Advocates Arshad Shaikh, Ranjit Agashe, Krishnan Iyer, Vinsha Acharya, Divakar Rai, and Saurabh Tamhankar presented the appeal for urgent hearing on Friday before a vacation bench of Justice S J Kathawalla, who adjourned the case until Monday to hear prayers for interim relief.
Last month, the NCB zonal director made a statement clarifying that his father is Hindu and his mother is Muslim, after Maharashtra minister and NCP politician Nawab Malik published a birth certificate supposedly of Sameer Wankhede, saying that his father is one Dawood Wankhede.
The entire onslaught against Dhyandev Wankhede began only after Malik’s son-in-law Sameer Khan was arrested by NCB in January this year under the NDPS Act for allegedly dealing contraband, according to Wankhede’s plea.
Wankhede’s father claims that Malik and his family members’ remarks, insinuations/imputations made orally or in writing, through press releases and interviews, are ‘tortious and defamatory,’ according to the plea. Plaintiff and his family members have suffered “irreparable loss, damage, harm, and prejudice to their name, character, reputation, and society image,” according to the lawsuit.

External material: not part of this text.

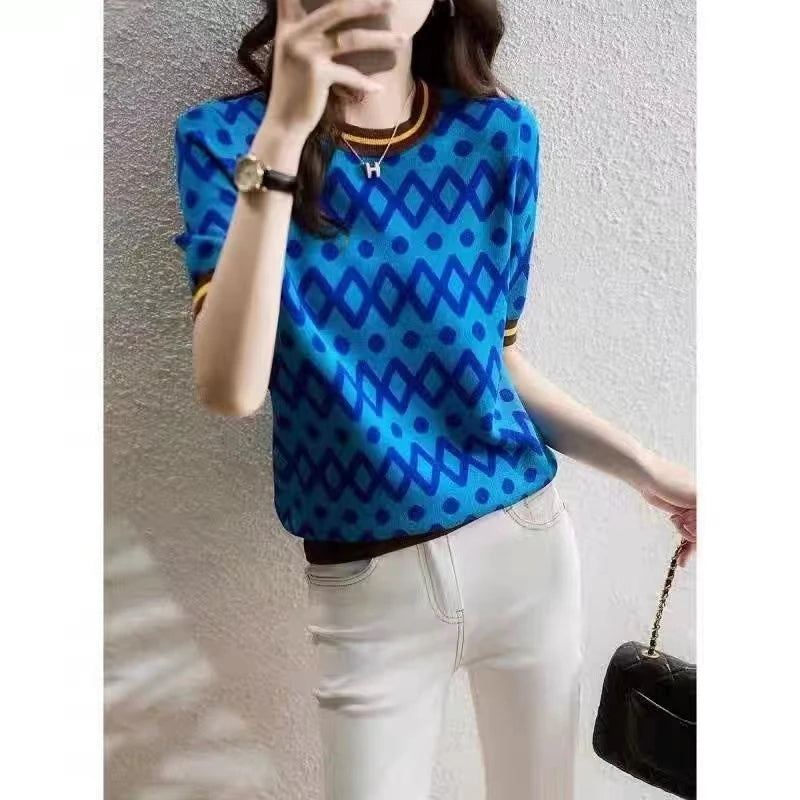 Summer New 100% Cotton Knitted Short-Sleeved Women's Round Neck Color Matching Printed T-Shirt Loose Plus Size Half Sleeve Top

Malik has been calling Wankhede’s family “frauds” and “questioning their religious convictions,” according to Wankhede’s lawyers, as well as damaging the practise of his daughter Yasmeen, who is a criminal lawyer who does not appear in narcotics cases.
The defamation claim sought a permanent injunction prohibiting Malik, his party members, and anybody acting under or on his orders from posting any defamatory content or material regarding the plaintiff and his family members in any way.
The plea also asked for the removal of articles, tweets, interviews, and press releases from any media, including electronic and social media, as well as a temporary injunction prohibiting or restraining defendants “from publishing, writing, and speaking in any media,” a material defamatory to the plaintiff or his family members, pending the hearing and final disposition of the suit.
The lawsuit asked the court to order Malik to pay the plaintiff Rs. 1.25 crore in damages for allegedly defamatory and disparaging tweets, interviews, and press releases published in any form of media.